__HOW TO COMPLETE THIS TASK__:
Return the listing below unchanged, minus its pictures.

__DATA BELOW__:
'''

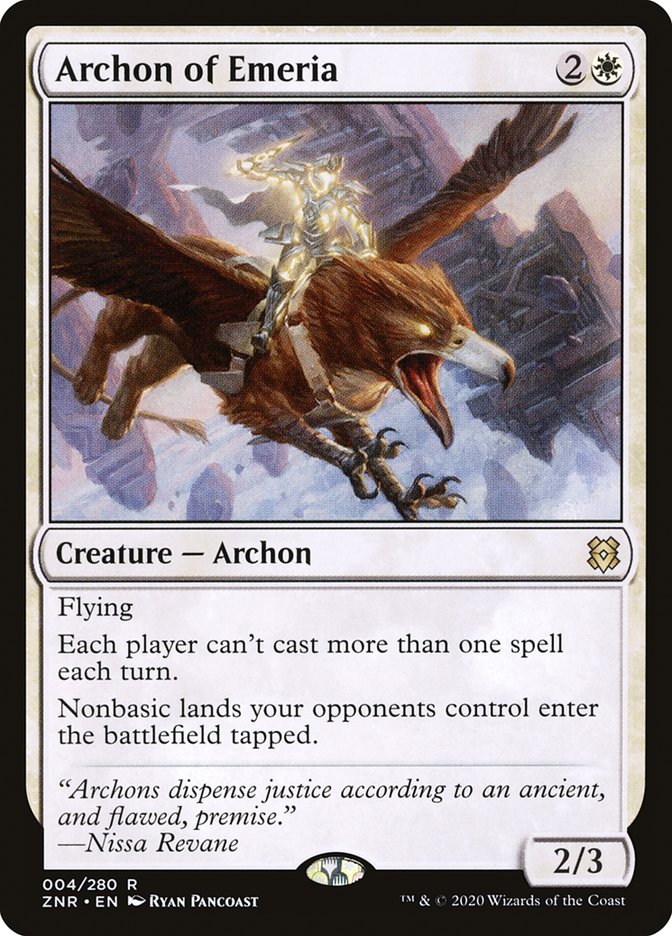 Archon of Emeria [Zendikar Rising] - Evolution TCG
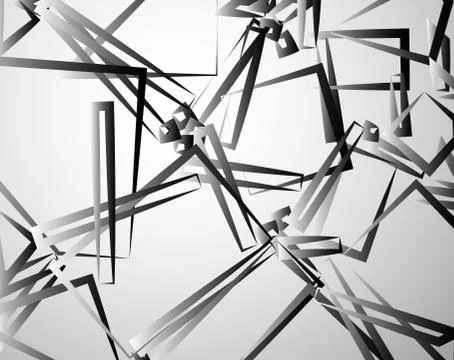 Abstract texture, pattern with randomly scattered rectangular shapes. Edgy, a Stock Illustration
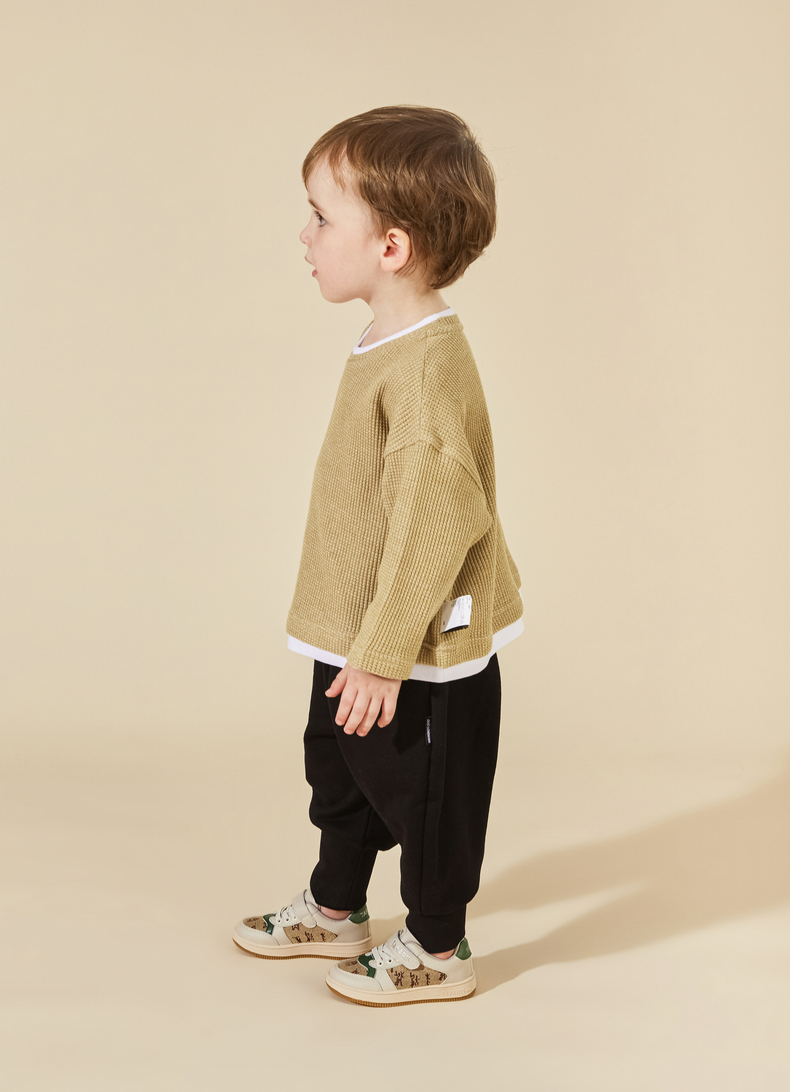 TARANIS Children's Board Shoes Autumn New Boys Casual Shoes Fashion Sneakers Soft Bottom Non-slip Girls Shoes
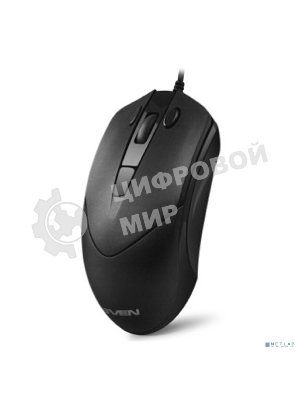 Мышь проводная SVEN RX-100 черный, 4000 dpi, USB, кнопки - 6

'''

__YOUR RESPONSE__:
 Archon of Emeria [Zendikar Rising] - Evolution TCG
 Abstract texture, pattern with randomly scattered rectangular shapes. Edgy, a Stock Illustration
 TARANIS Children's Board Shoes Autumn New Boys Casual Shoes Fashion Sneakers Soft Bottom Non-slip Girls Shoes
 Мышь проводная SVEN RX-100 черный, 4000 dpi, USB, кнопки - 6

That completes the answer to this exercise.